Chaque année, quelque vingt mille bateaux arrivent en fin de vie en France, dont seulement six cents sont pris en charge. Les autres enlaidissent les vasières de leurs cadavres verdâtres. C’est pour contribuer à leur valorisation que Didier Toqué et Romain Grenon ont créé Bathô, « entreprise solidaire d’utilité sociale » qui se propose de restaurer les épaves, non pour naviguer, mais pour être réemployées en habitations légères de loisir, réunies en villages au bord de l’eau. Le volet social du projet consiste à y associer des personnes sans emploi ni qualification, qui pourraient ainsi bénéficier d’un parcours d’insertion vers les métiers de l’industrie nautique, de la valorisation des déchets ou du tourisme.
Un premier village témoin doit voir le jour dès ce printemps à Rezé (Loire-Atlantique), sur un terrain communal en bordure de la Sèvre Nantaise prêté par la municipalité.

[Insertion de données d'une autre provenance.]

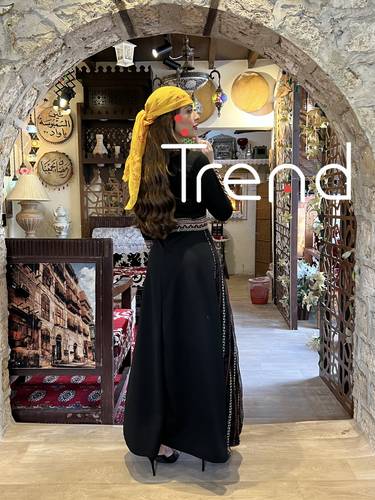 جلابية اسود مع طرحة سوداء مطرزة  - 5XL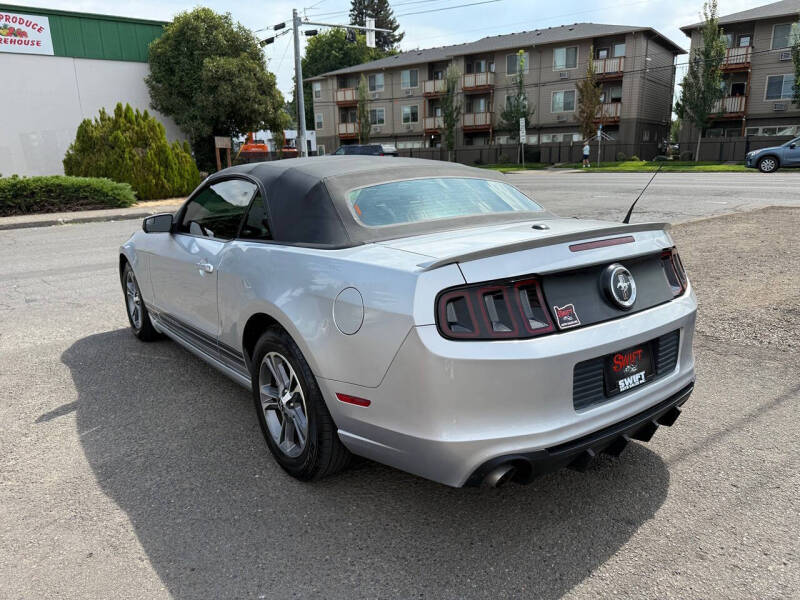 2014 Ford Mustang V6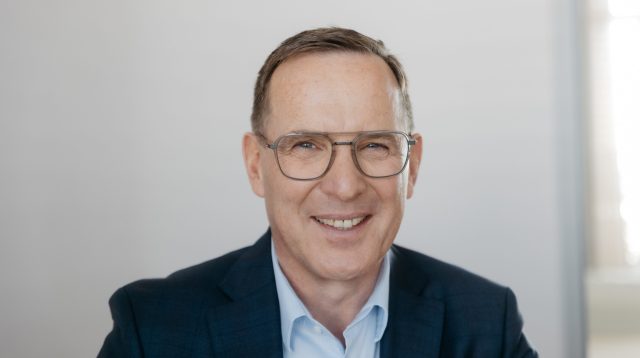 Jens Hasselbächer
Vorstandsmitglied der R+V Versicherung AG, Kunden und Vertrieb.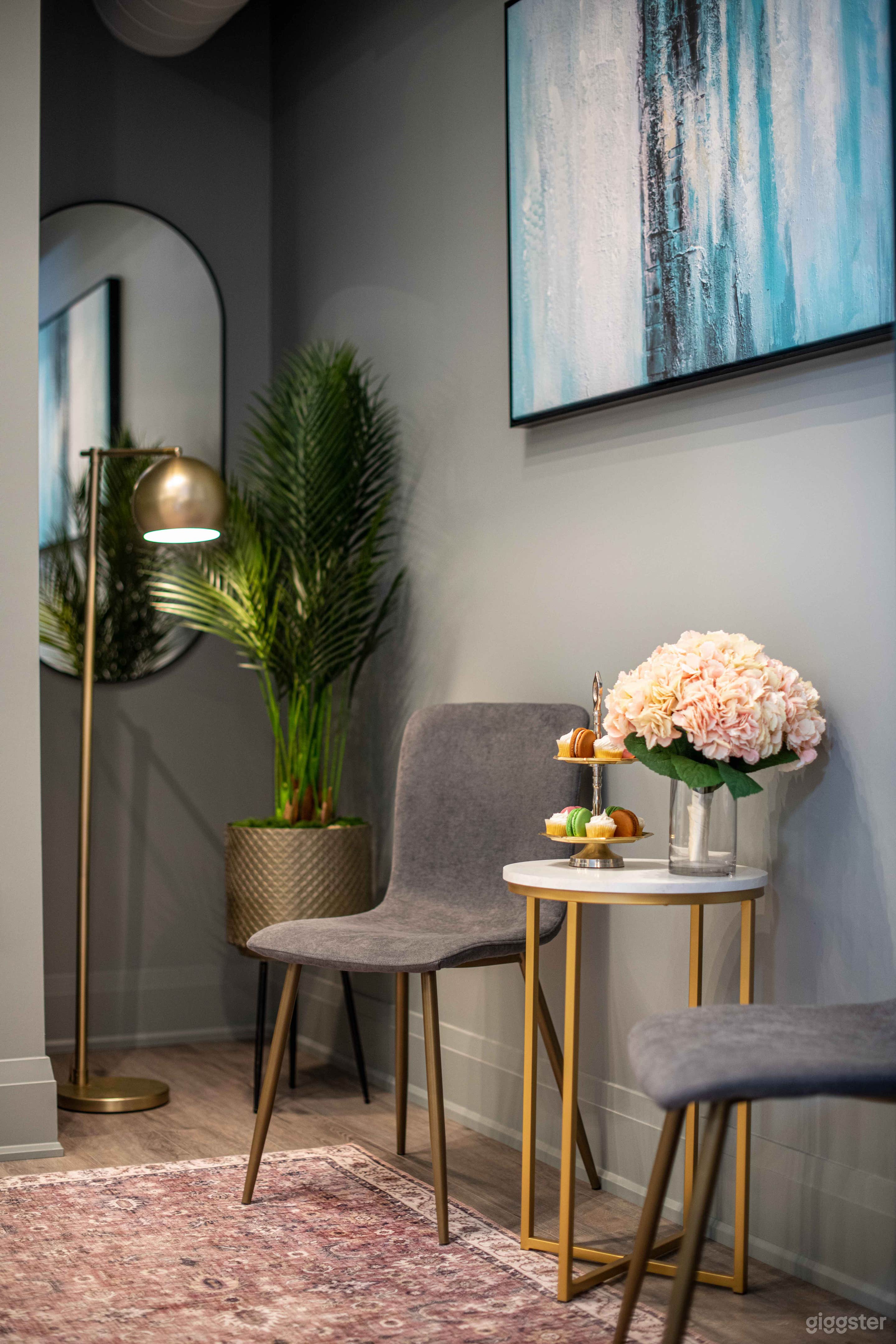 Guest seating in Room 1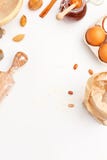 Набор деталей кухни для печь сладкие продукты муки Мука, яйца и другие ингредиенты Взгляд сверху скопируйте космос стоковые изображения rf Набор деталей кухни для печь сладкие продукты муки Мука, яйца и другие ингредиенты Взгляд сверху скопируйте космос стоковые изображения rf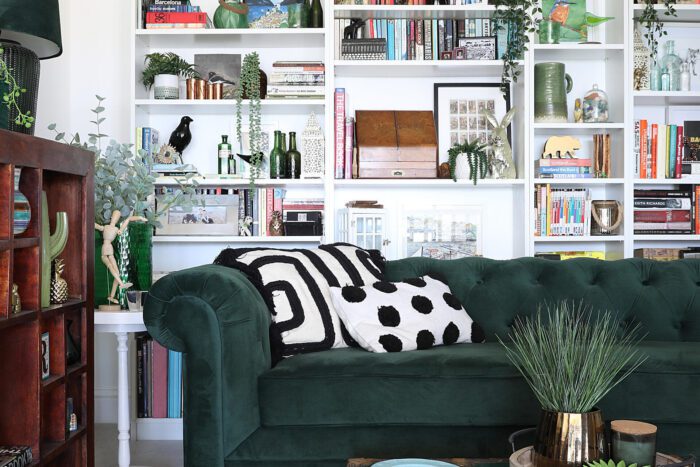 Hill apartment - bookcase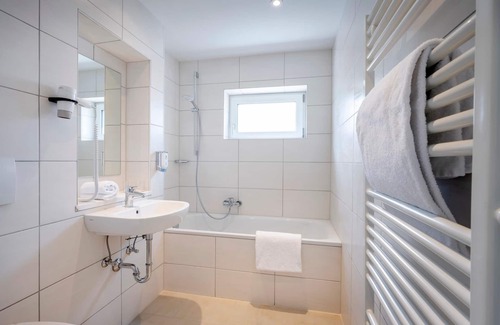 Ebersberg District Hotel | Eco-Friendly Messe Boutique Hotel Erb München with Pool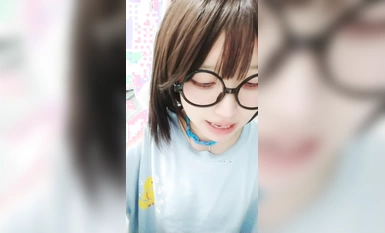 ความงามของโรงเรียนที่ดูสูงสองมิติคือหญิงสาวที่มีดวงตา (6)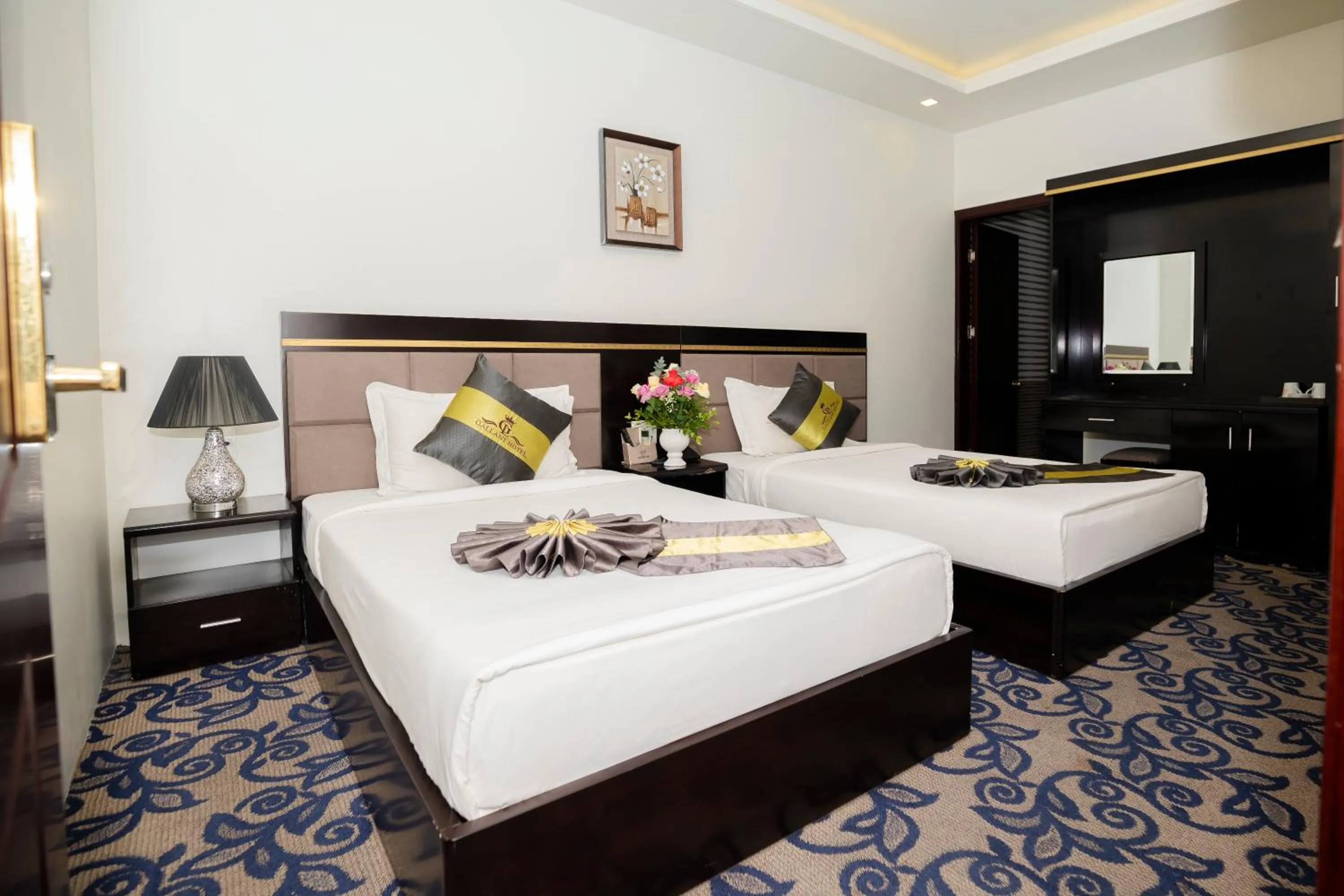 Photo of the whole room, Bed in Gallant Hotel 154 - Near Cat Bi Airport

Il comprendra cinq bateaux posés sur des bers en bois et reliés par des pontons, les sanitaires étant aménagés dans deux anciennes timoneries de bateaux de pêche. Ce gîte d’étape, avec cinq logements de deux à quatre couchettes, pourra offrir ainsi chaque mois cent cinquante nuitées pour quatre cents randonneurs. Bathô prévoit de prélever sur le prix de chaque nuitée une somme destinée à financer, en cinq ans, la valorisation des bateaux réhabilités.
Si le modèle économique du port-village de Rezé est validé, Bathô envisage de réhabiliter quatre-vingts bateaux par an, ce qui donnerait un travail à huit personnes, dont cinq en réinsertion, sans compter les emplois liés à l’hébergement touristique. Restauré au Centre nautique Sèvre et Loire de Trentemoult, le premier bateau réhabilité est un Sangria âgé de quarante-huit ans : seront retenues en priorité les épaves des icônes des années soixante-dix, dont la plupart sont nées dans les Pays de la Loire.